# Carrier Infinity Control VS Honeywell VisionPRO 8000 Theromostat



## harleyrider (Feb 20, 2007)

The infinity control (like the unit itself) is very confusing and not very user friendly..........Before you spend all that money, you may want to see one in action somehow............it could save you alot of headaches down the road.


----------



## Climate-Pro (Apr 26, 2007)

*Re: Carrier v Honeywell*

We use Infinity controls regularly. Like any other digital thermostat, there is a short learning curve that reading the manual cures quickly.

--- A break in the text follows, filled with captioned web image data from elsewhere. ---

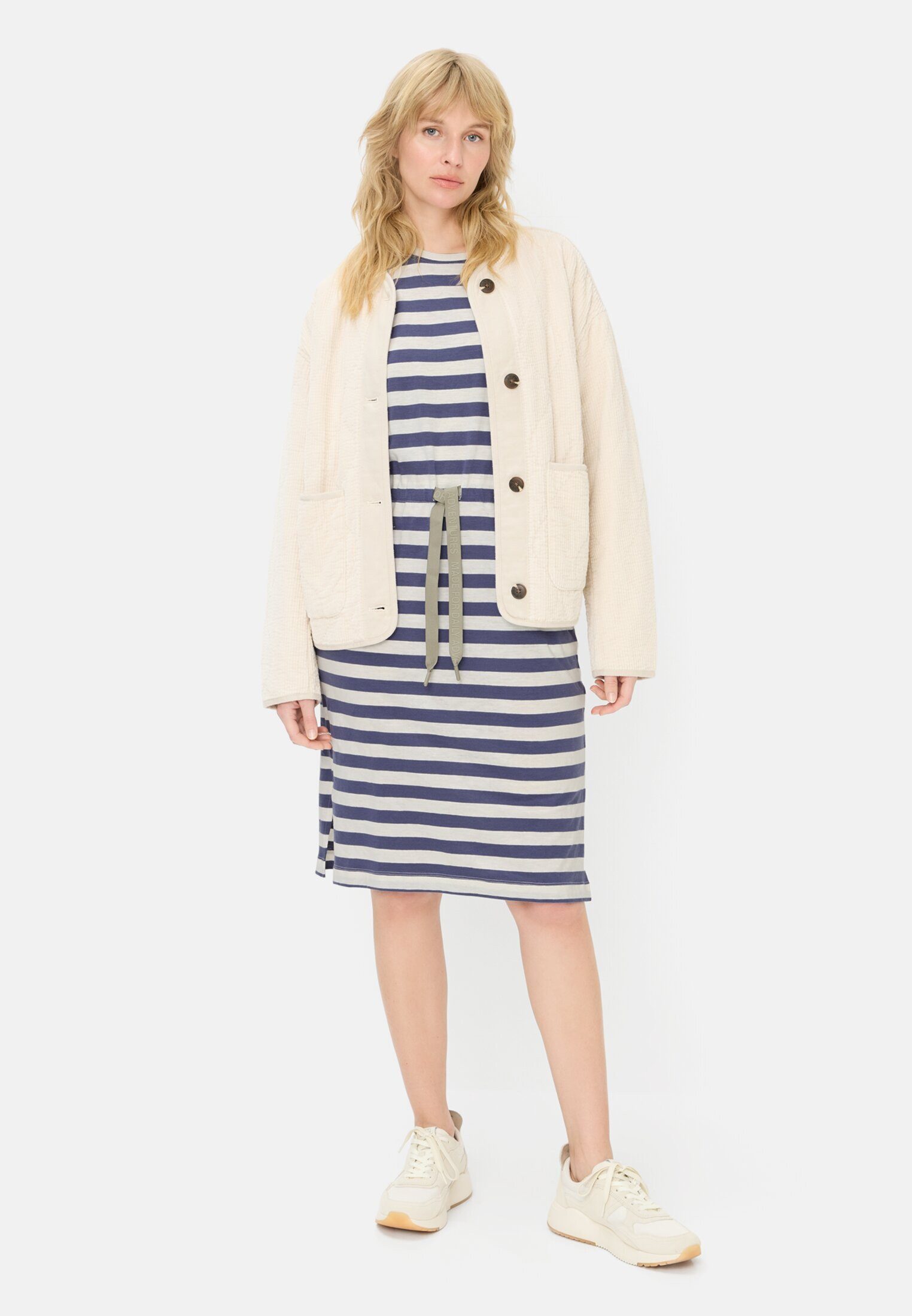 camel active Shirtkleid mit Tunnelzug Kurzarm
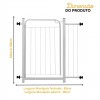 Portão de Segurança Pet Cercado Bebê 70x68 Com Extensor 15cm Itagold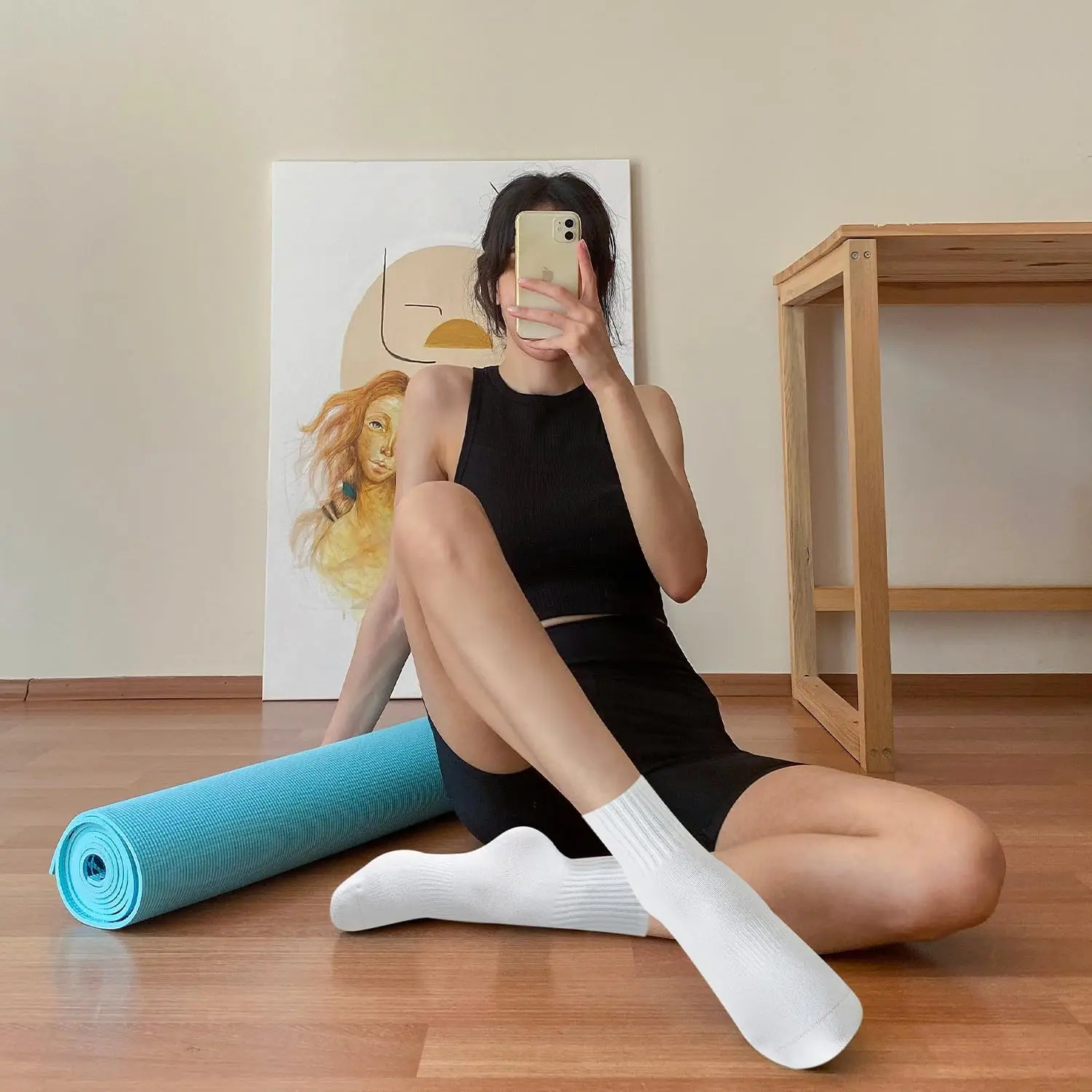 4 pairs of women's yoga socks, - Pilates Yoga Ballet 评论和价格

Your contractor however is both right and wrong! The Infinity is designed and works best, when used as a "System" not just one or two components. In this case, your furnace will work with ANY thermostat, but it will not allow you to have all the functionality of the Infinity System.

The unit is designed to communicate. The control, is more or less a small computer that monitors and adjusts the furnace blower to meet the demands of your existing indoor climate, based on feedback it receives from sensors built into the system.

Duct pressures are monitored - If the filter is dirty, you are notified on the tstat. More importantly, if the pressure indicates a frozen evaporator coil, the unit will shut itself down to avoid compressor burnout etc.

So... Yes, the Infinity gas furnace will work with you HW thermostat, but you will lose of the important features of the Infinity unit. You are spending quite a bit on the unit already, its worth having the Infinity control!


----------